Retraites: un déficit qui justifie la loi, dit le maire Coderre
Le maire de Montréal, Denis Coderre, est formel : les derniers chiffres sur l’état de santé des régimes de retraite des employés de la Ville de Montréal prouvent que la nouvelle loi sur les retraites a bel et bien sa raison d’être, dit-il.
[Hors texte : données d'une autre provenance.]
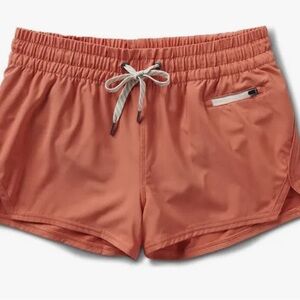 Vuori Clementine Short sz S in color grapefruit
Exercice imposé par cette nouvelle loi sur la réforme des régimes de retraite (loi 15), la Ville de Montréal a fourni, lors du Conseil municipal lundi, le bilan financier des régimes de retraite à Montréal en date du 31 décembre 2013. Un document qui servira de base, ensuite, à la négociation des conventions collectives qui doit commencer au plus tard le 1er février, notamment avec les cols blancs et les policiers.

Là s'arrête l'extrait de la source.